- Conference: Mid-American Conference
- Record: 7–4 (6–2 MAC)
- Head coach: Al Molde (9th season);
- Offensive coordinator: Rob Kuhlman
- Defensive coordinator: Larry Edlund
- MVPs: Jay McDonagh; Jim Vackaro;
- Home stadium: Waldo Stadium

= 1995 Western Michigan Broncos football team =

American college football season

The 1995 Western Michigan Broncos football team represented Western Michigan University in the Mid-American Conference (MAC) during the 1995 NCAA Division I-A football season.

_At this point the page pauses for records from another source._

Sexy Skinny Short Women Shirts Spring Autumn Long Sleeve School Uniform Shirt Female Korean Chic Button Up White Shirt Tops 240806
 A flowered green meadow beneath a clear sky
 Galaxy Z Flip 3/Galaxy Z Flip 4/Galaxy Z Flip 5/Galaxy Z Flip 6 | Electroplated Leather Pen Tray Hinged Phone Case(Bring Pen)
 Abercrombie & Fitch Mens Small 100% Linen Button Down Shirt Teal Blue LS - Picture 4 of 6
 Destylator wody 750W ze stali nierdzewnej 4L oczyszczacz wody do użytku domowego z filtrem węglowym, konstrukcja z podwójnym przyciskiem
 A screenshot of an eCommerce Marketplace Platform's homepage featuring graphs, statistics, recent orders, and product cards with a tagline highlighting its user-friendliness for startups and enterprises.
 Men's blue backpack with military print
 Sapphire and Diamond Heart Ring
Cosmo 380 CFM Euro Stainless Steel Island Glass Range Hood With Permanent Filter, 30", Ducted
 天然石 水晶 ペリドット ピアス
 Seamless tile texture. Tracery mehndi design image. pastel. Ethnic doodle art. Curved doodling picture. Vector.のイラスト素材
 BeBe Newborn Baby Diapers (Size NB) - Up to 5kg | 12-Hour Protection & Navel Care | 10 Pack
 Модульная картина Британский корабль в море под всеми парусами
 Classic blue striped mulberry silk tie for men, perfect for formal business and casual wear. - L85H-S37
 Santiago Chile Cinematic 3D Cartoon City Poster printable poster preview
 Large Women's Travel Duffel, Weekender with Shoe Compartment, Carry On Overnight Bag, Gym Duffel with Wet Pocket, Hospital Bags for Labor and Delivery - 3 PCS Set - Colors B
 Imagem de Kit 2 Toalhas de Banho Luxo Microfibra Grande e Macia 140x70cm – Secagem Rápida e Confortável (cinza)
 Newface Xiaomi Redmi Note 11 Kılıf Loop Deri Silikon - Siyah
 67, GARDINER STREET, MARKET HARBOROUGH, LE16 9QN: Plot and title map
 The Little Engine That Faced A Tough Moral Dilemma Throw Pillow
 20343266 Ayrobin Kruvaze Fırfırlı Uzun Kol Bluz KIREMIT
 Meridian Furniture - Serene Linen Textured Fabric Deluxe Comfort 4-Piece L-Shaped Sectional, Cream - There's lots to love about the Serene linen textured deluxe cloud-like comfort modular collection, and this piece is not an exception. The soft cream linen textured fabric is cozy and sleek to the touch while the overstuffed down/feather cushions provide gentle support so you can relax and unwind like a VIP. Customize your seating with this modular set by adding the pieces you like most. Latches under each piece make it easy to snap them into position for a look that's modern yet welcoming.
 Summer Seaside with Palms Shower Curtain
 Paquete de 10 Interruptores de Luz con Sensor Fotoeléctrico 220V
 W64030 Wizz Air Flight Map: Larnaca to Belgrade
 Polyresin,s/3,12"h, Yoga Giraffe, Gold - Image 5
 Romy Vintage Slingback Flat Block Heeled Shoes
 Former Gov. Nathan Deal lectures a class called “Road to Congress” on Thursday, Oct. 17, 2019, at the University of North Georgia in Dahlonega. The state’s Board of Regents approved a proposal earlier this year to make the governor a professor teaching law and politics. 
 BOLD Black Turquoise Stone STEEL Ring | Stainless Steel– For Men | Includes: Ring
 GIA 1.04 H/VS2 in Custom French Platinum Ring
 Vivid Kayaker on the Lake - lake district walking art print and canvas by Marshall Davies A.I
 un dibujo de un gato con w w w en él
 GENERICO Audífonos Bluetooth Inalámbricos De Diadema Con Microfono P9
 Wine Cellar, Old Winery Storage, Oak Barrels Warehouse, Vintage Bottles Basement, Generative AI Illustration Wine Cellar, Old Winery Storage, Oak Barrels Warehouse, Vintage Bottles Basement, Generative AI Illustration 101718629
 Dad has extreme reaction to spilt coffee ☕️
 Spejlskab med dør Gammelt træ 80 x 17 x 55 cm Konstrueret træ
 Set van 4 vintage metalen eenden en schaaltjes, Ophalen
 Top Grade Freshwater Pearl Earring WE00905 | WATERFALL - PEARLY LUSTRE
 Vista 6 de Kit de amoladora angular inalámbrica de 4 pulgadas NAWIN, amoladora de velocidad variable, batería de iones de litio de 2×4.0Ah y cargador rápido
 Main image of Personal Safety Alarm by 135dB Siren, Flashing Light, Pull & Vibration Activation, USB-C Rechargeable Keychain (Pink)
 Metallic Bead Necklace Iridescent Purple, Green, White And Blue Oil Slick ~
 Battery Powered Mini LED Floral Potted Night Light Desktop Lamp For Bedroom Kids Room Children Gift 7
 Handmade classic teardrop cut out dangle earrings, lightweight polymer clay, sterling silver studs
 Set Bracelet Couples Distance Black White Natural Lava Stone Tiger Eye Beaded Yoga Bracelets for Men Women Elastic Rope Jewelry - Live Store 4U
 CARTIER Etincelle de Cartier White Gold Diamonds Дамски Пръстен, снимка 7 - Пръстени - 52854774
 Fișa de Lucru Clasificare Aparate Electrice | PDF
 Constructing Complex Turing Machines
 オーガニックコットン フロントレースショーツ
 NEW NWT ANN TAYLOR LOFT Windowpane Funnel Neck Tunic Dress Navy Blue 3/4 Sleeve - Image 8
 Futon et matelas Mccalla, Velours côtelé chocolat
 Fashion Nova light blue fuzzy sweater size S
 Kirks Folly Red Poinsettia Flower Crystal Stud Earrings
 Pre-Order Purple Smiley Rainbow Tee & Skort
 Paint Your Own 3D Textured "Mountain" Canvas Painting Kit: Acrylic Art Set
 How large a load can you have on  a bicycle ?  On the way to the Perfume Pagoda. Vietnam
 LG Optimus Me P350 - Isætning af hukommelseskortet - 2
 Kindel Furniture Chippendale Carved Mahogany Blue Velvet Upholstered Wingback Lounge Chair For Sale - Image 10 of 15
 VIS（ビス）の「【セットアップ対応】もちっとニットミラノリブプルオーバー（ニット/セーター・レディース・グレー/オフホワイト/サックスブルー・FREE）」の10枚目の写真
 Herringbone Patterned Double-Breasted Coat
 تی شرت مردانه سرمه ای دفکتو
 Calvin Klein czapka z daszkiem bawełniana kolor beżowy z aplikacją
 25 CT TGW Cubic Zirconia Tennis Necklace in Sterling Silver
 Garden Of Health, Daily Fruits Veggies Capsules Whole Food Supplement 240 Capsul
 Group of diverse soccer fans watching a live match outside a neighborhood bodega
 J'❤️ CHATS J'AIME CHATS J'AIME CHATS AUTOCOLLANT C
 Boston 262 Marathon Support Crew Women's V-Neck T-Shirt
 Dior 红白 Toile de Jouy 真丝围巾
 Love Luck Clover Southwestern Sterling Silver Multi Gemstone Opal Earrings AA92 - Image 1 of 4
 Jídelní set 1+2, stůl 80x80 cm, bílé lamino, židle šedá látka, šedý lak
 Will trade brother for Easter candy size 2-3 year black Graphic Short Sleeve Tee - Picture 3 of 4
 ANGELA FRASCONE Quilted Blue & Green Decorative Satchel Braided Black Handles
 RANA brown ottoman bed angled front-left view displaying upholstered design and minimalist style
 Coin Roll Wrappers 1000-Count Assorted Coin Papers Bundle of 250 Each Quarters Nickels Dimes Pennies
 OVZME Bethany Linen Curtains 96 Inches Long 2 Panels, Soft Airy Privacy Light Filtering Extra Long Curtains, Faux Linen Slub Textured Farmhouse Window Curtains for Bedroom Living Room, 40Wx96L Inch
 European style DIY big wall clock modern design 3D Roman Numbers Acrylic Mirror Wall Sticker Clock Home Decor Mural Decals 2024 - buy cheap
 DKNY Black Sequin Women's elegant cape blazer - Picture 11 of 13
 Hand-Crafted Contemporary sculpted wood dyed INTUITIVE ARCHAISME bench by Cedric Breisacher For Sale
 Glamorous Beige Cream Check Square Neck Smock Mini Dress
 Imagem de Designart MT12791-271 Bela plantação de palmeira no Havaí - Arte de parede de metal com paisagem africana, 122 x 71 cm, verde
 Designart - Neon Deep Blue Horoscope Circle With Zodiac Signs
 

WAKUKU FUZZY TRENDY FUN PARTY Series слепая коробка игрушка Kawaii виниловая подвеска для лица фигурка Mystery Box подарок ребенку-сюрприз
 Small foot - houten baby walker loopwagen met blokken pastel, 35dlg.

In their ninth season under head coach Al Molde, the Broncos compiled a 7–4 record (6–2 against MAC opponents), finished in a tie for third place in the MAC, and outscored their opponents, 253 to 190. The team played its home games at Waldo Stadium in Kalamazoo, Michigan.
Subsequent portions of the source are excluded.